### [TASK BRIEF]
Transcribe word for word the section of the records below that opens with the line containing "王真宝,公司经营范围包括:投资兴办实业" and closes with the line containing "Mixed Breed cats"; drop every picture.

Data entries
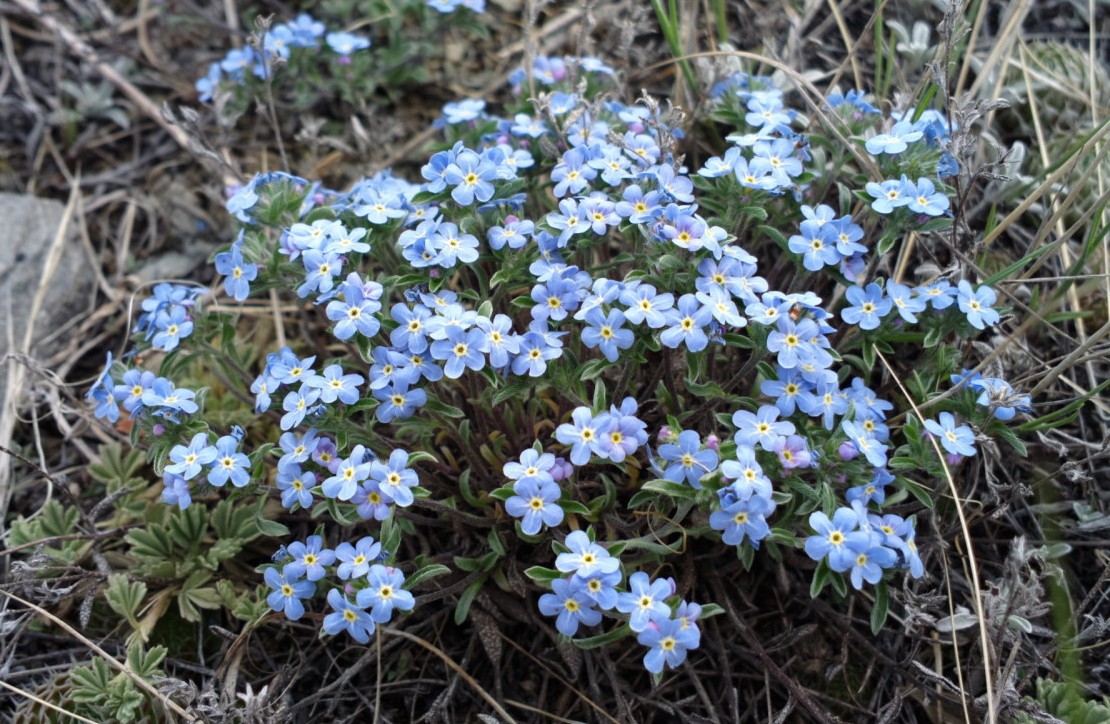 Изображение особи Amblynotus rupestris.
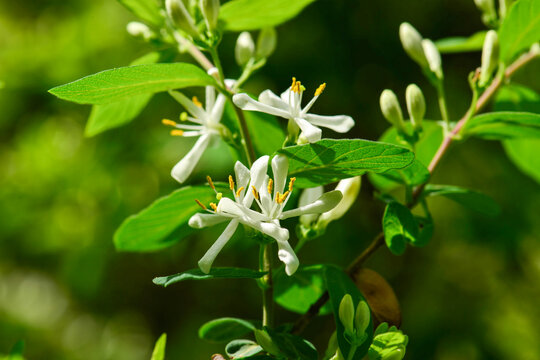 Lonicera insularis, the Ulleungdo honeysuckle, a deciduous shrub native to Ulleungdo and Dokdo islands in Korea, featuring white to yellow flowers and red berries. Photographed in Korea.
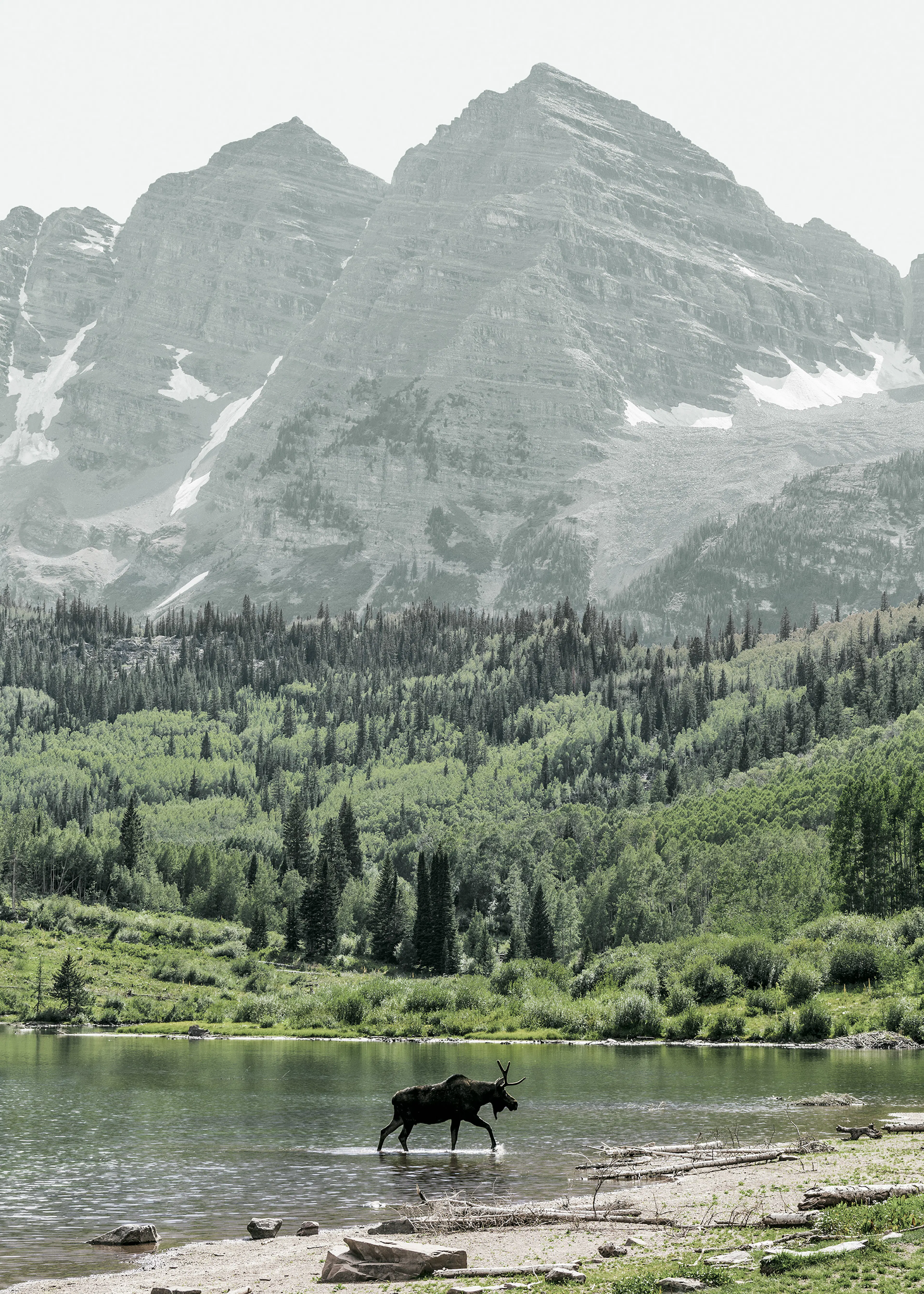 Swiss Alps Print 0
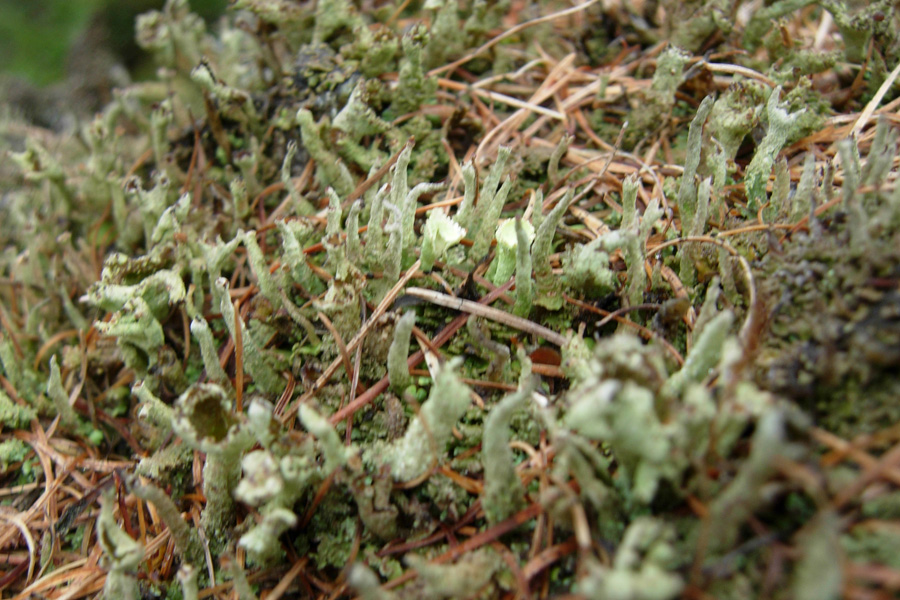 Tutte Cladonia?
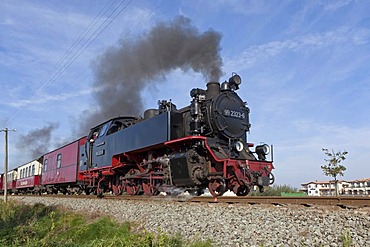 Steam train "Molli", Kuehlungsborn West, Baltic Sea, Mecklenburg-Western Pomerania, Germany, Europe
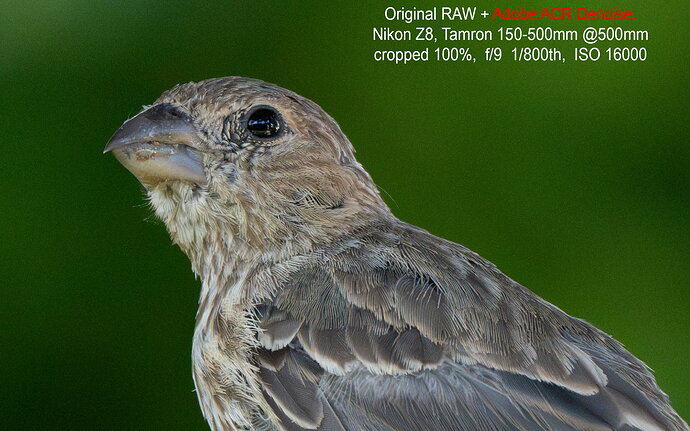 2-56ZE_2643-2_OrigRAW-ACR-Denoise-cropped100
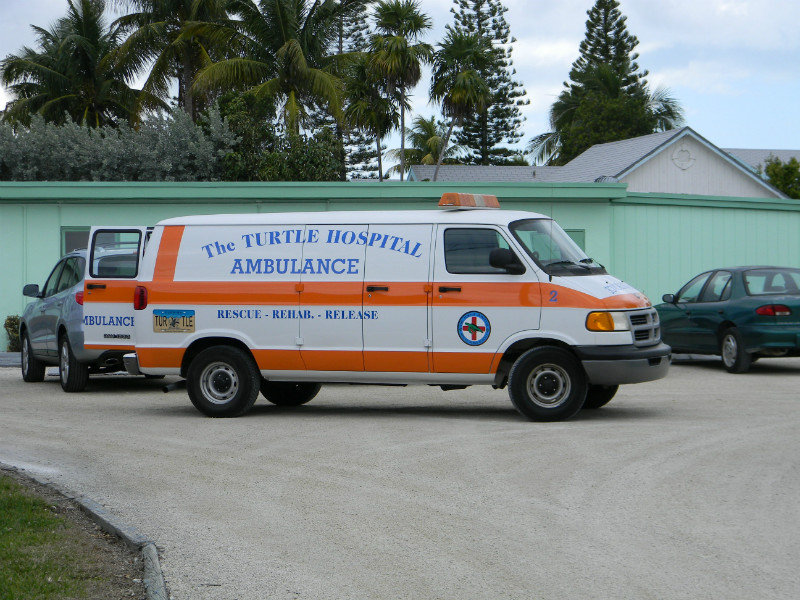 Turtle Hospital Ambulance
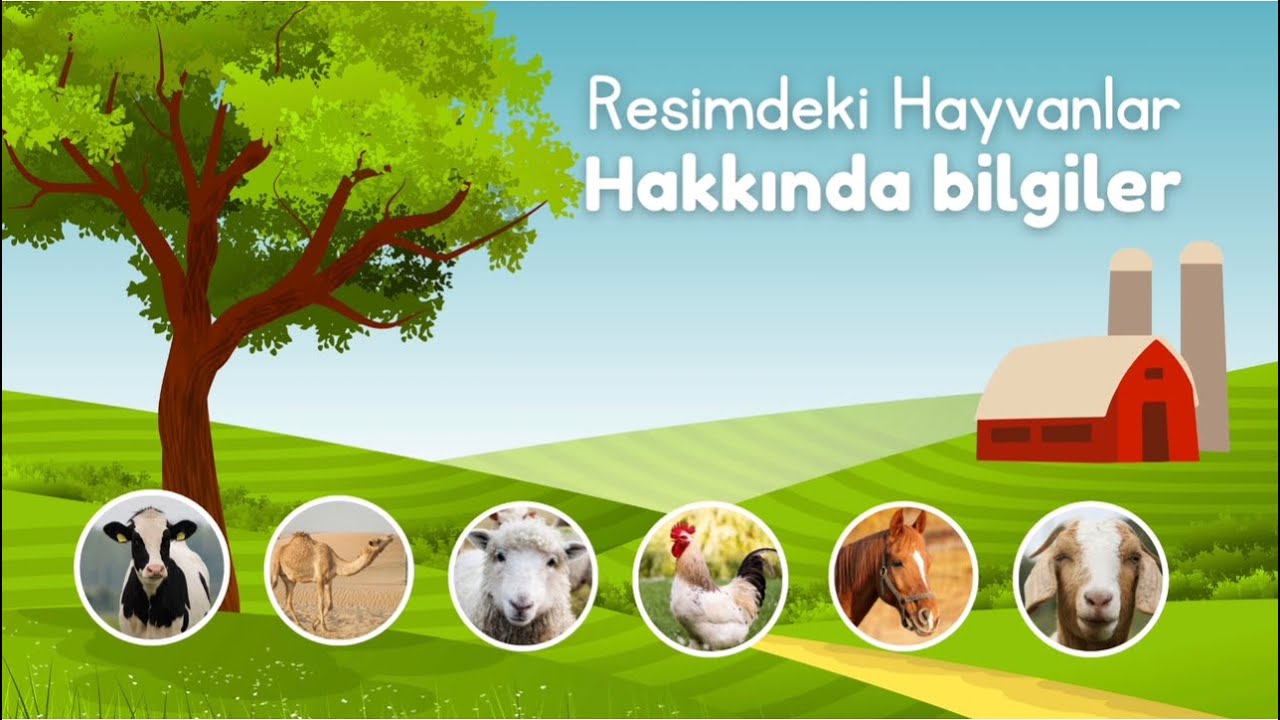 Hayvanları Tanıyalım | Çocuklar İçin Eğitici Video 🐮🐴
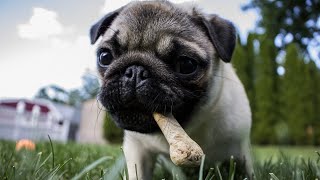 How Long Do Pugs Live🐾🐾🐾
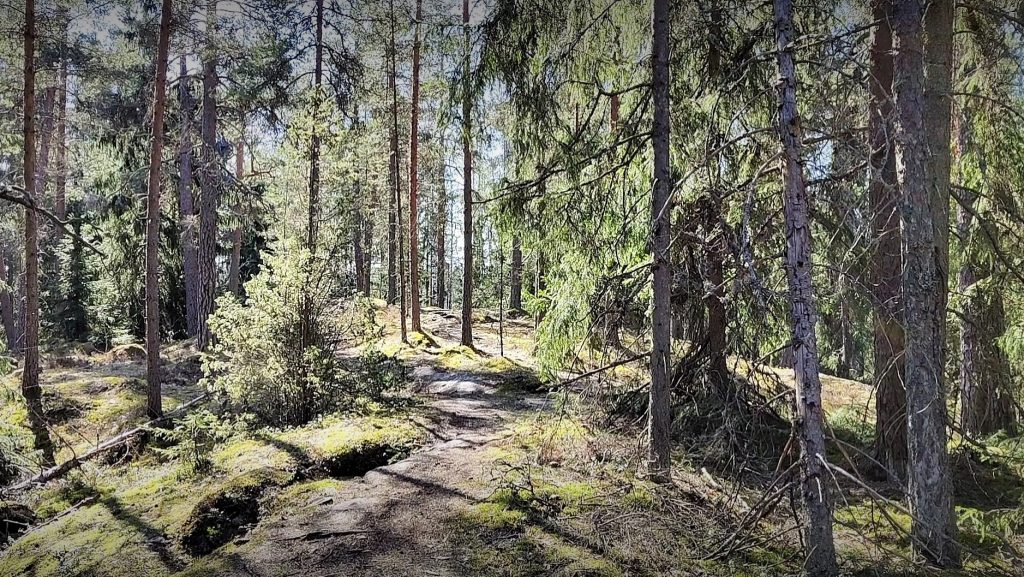 Keväinen polkkuhölkkä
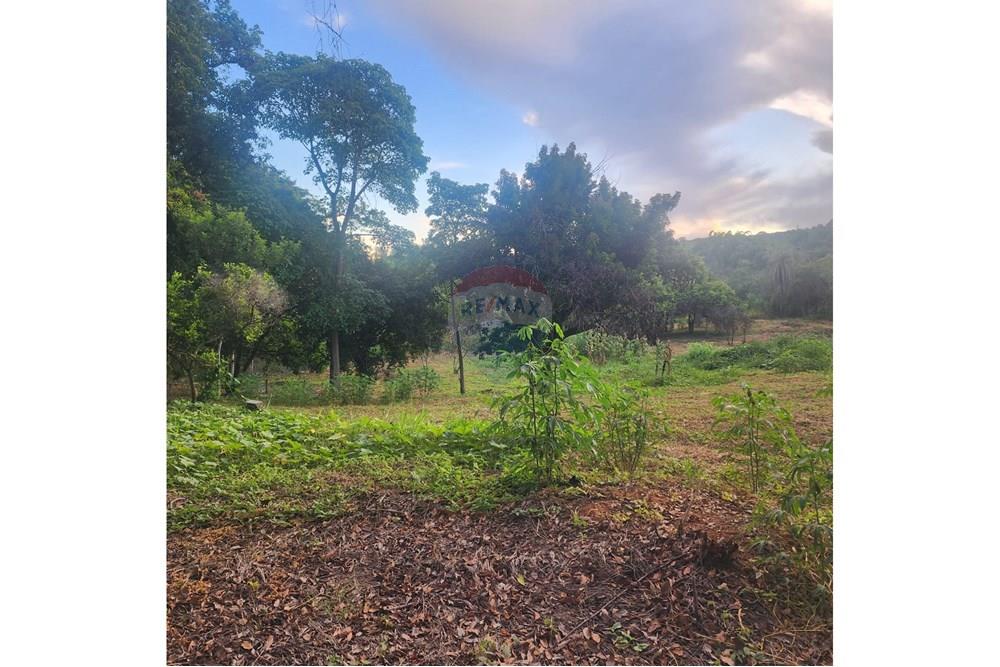 Terreno - Venda - Matozinhos , Minas Gerais - 6807b62b-4718-4393-ac1b-7b15c788d96a.jpeg - 870241024-58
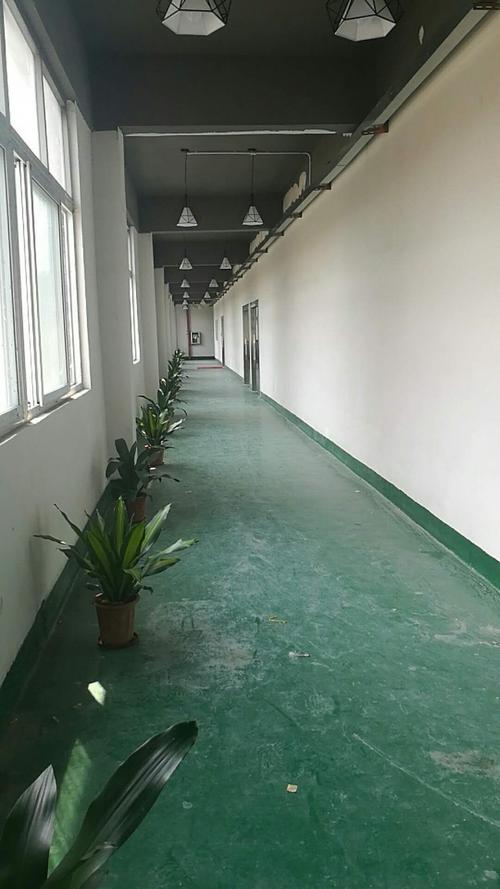 王真宝,公司经营范围包括:投资兴办实业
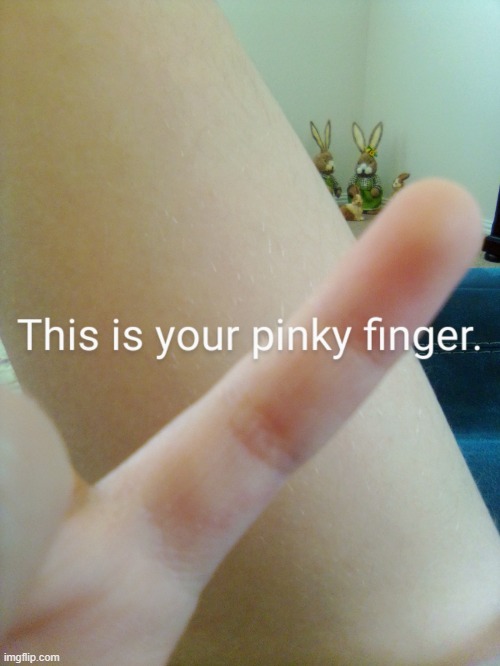 This is your pinky finger | image tagged in this is your pinky finger | made w/ Imgflip meme maker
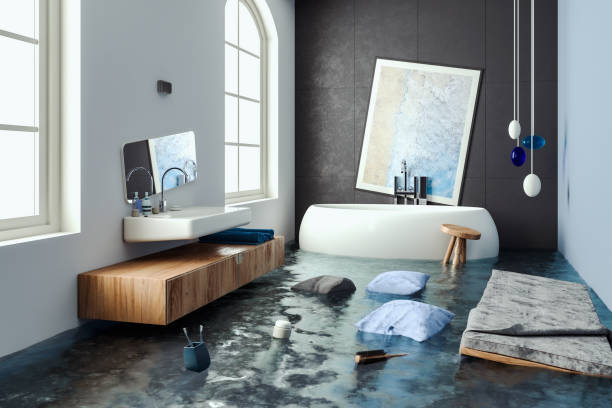 Best Water damage repair service  in Louisiana, MO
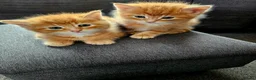 Mixed Breed cats for sale: Three beautiful kittens for sale - Advert 9
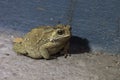 European toad, or in Anglophone parts of Europe, simply the toad (Bufo bufo, Royalty Free Stock Photo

### [RESULT FOR THIS TASK]
 王真宝,公司经营范围包括:投资兴办实业
 This is your pinky finger | image tagged in this is your pinky finger | made w/ Imgflip meme maker
 Best Water damage repair service  in Louisiana, MO
 Mixed Breed cats for sale: Three beautiful kittens for sale - Advert 9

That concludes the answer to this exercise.